But the entire distance was almost passed, and the hearts of the two were beating high with increasing hope, when Long, with a gasp of terror, grasped the arm of the Professor with incredible force, and jerking him backward, pointed with his extended finger to the camp in front of them.
The native village.
Meanwhile, Fred Ashman and Aaron Johnston the sailor, found themselves involved in a most stirring experience.
After studying the path or trail which led directly from the camp into the vast forest, stretching to an unknown distance from the Xingu, the young man decided to follow the route which he believed had been formed by persons instead of the wild animals of the wilderness.
Johnston was disposed to complain, but he was deeply attached to the manly partner in the exploring enterprise, and there was no reasonable peril which he would not willingly face in his defence.
The forest wore an unusually gloomy and dismal appearance, now that the sun had set and night was closing in.
The roar of the rapids, which at first sounded so loud, grew duller and fainter as they penetrated the wood until it became like the moaning of the distant ocean. The men spoke in guarded undertones and were able to hear each other plainly, while eyes and ears were on the alert, for the first sight or sound of danger.
Being within the forest, they were favored with but little of the moonlight, which proved such a help to their friends in their ascent of the bank of the Xingu to the head of the rapids. But here and there a few of the rays penetrated the vegetation overhead and illuminated the trail sufficiently to prevent their wandering from it.
Ashman was less than a rod in advance of the sailor and led until they had traversed perhaps a fifth of a mile, during which they met no living creature, though the noises from the wood left no doubt that wild animals were on every hand.
Fred began to think he had gone far enough, though his wish to obtain a glimpse of the village, which he believed was not far off, prevented his coming to a full stop.

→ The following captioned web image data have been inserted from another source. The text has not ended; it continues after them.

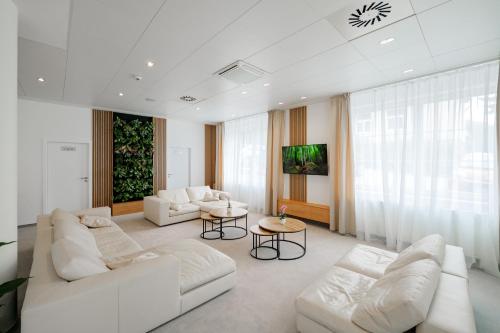 Hotel Silenzio - image 8
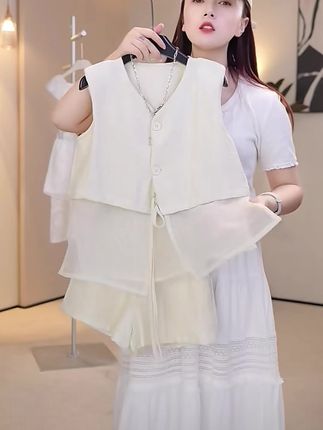 女童夏季网纱拼接无袖背心套装短裤洋气时髦中大童夏装休闲两件套#两件套 #网纱 #背心 #套装 #时髦
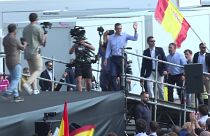Лидер партии VOX Сантьяго Абаскаль на митинге правых сил в Испании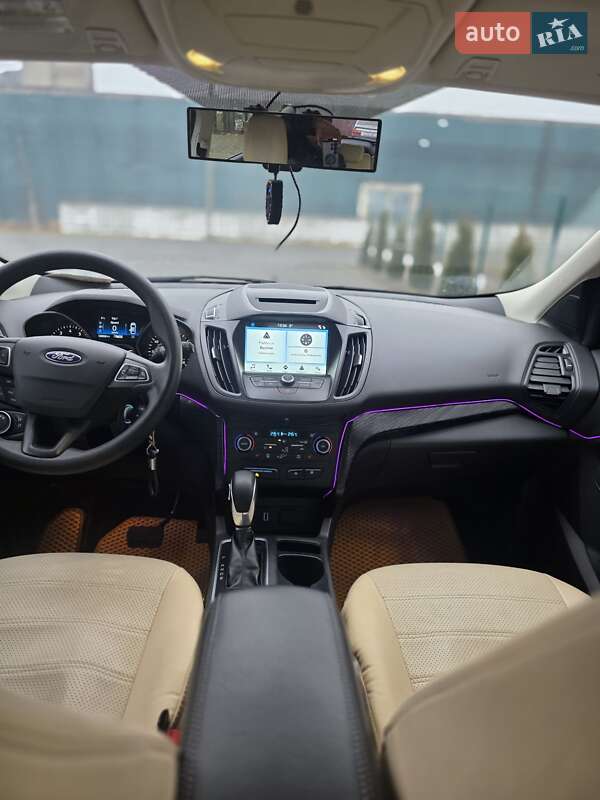 Позашляховик / Кросовер Ford Escape 2018 в Надвірній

Johnston noticing his hesitation put in another vigorous protest, but he was easily persuaded to venture further under the pledge that if they discovered nothing within the next ten minutes, they would withdraw and return to camp.
Knowing that his companion would insist on the fulfillment of this agreement, Fred pushed on faster than before; the sailor, however, easily maintaining his place almost on his heels. It was only at intervals they spoke, for there was no call to do so, and it was not wise to allow any cause to interfere with their watchfulness for the peril which was liable to come with the suddenness of the thunderbolt.
By stepping carefully they were able to proceed without noise, and, at the same time, hoped to catch the sound of any other footsteps, since there was not supposed to be any call on the part of the natives for the caution which they might have displayed under different circumstances.